Tuesday, January 31, 2012

Reading a Woodbridge Landscape (part three)

Before leaving the area around the Sperry Farm/Darling house, I should say something about maps and other images since this particular area has a few extras you don't always get to "read."


About 50 years after Stiles published his book on the Regicide Judges, George Henry Durrie was busy painting landscapes of the area. Stiles wrote that the cleared meadows along the western edge of West Rock was known in 1661 as the “Ox Pasture,” and sure enough George “the Snowman” Durrie includes an ox in a painting of the lower end of the pasture.

We find that:“Born in Hartford, Connecticut, George Durrie was known as the "snowman" because of the many winter scenes he painted.  He lived most of his life in New Haven and earned a reputation for rural landscape scenes, especially snow scenes, which he introduced as subject matter in American painting.  His paintings "provide an excellent record of rural life in the mid-nineteenth century and his carefully recorded details of nature and foliage added authenticity to his depictions." ~ http://www.askart.com/askart/d/george_henry_durrie/george_henry_durrie.aspx
You'll remember that in Part One I wrote that Stiles says:
“Let it be observed that at this time, about 3 or 400 acres westward of the town was cleared in a common field, called the ox pasture,” describing the land around the Sperry Farm. What Stiles doesn’t say is that these places may have already been cleared by Native Americans, New Haven originally known as Quinipiac, marked as such on Dutch and other early maps. The “ox pasture” may well have been a cleared meadow or “intervale,” maintained by Indian burning, just as were many high elevations where “the Indians always burned rings or tracts on those summits, to give a clear view for hunting deer…”
That's quite a number of acres cleared by 1661 or so, by a relatively small number of immigrants: "By 1640 a complete government had been established and the settlement, originally called Quinnipiac, was renamed Newhaven...(by) 1641 New Haven had grown into a community of approximately 800." http://www.cityofnewhaven.com/Mayor/History_New_Haven.asp

Bear with me please; Blogger won't let me add the next images, so after several tries I'm giving it up for now...



1915 map showing probable wood lot in Ye Olde Ox Pasture lands, 1934 aerial, crop of the quartz row from the '34 photo, 1965 aerial showing less pasture and more woods.
Will Blogger let me publish?? I'm clicking the button...

Sunday, January 29, 2012

Turtles in a Row

Here’s a stone row, now a border for a land trust possibly called Sperry Pond, where the builders had their turtles rather than their ducks all in a row…

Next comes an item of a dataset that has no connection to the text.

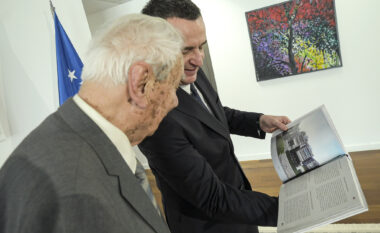 Kurti takon arkitektin e Bibliotekës Kombëtare të Kosovës, Andrija Mutnjakoviq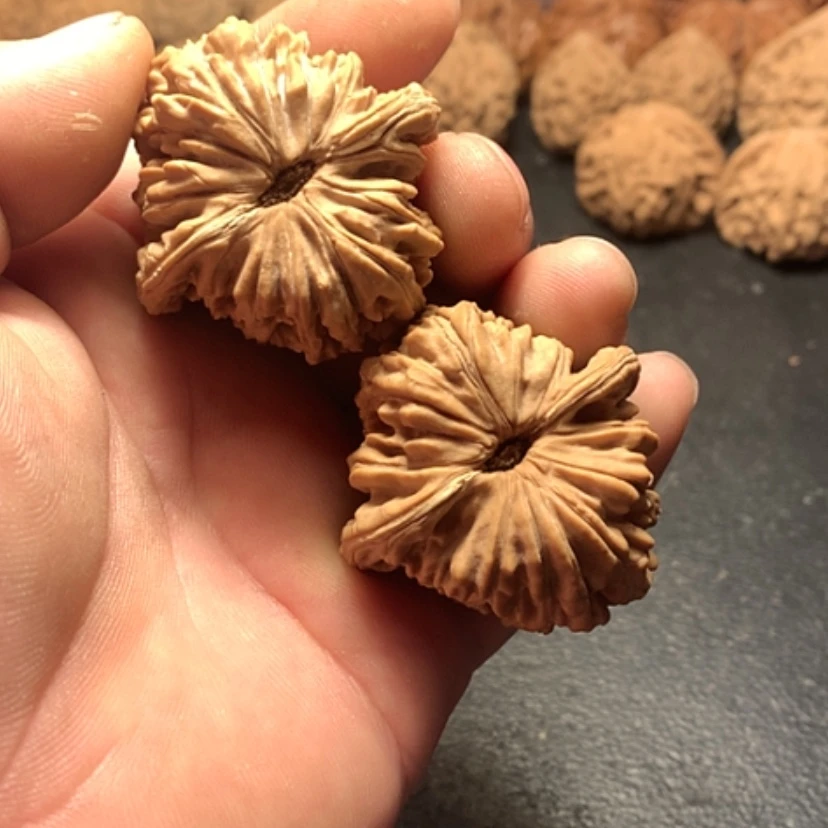 【闪购商品】文玩核桃吊坠大*塔四座楼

Wednesday, January 25, 2012

Reading A Woodbridge Landscape (Part Two)




Ezra Stiles continues his narrative of his search for the Judges Lodgements by saying, “The second residence is a little more dubious than the first and last, which are unquestionably certain. It was about two miles and a half north of the first, on the west bank of a rivulet running along at the foot of the west side of the West Rock, and about half a mile north of the house of Thomas Darling, Esq… In August 1785, he went with me and shewed me the spot of their little domicile, when some of the wall or stone ruins were then remaining. I examined it with close attention, and made a drawing of it on the spot, one of the Sperrys being with us, and affirming the immemorial tradition, and herein concurring with Mr. Joseph Sperry, who referred me to the same spot.”

I had no trouble finding the Darling House, but never could locate the “little domicile” Stiles wrote about and drew a picture of. This spot half a mile north is outside of the Woodbridge Town Property, policed by people in uniforms who write out tickets if you don't have a permit from the Water Authority - all things I found out the hard way.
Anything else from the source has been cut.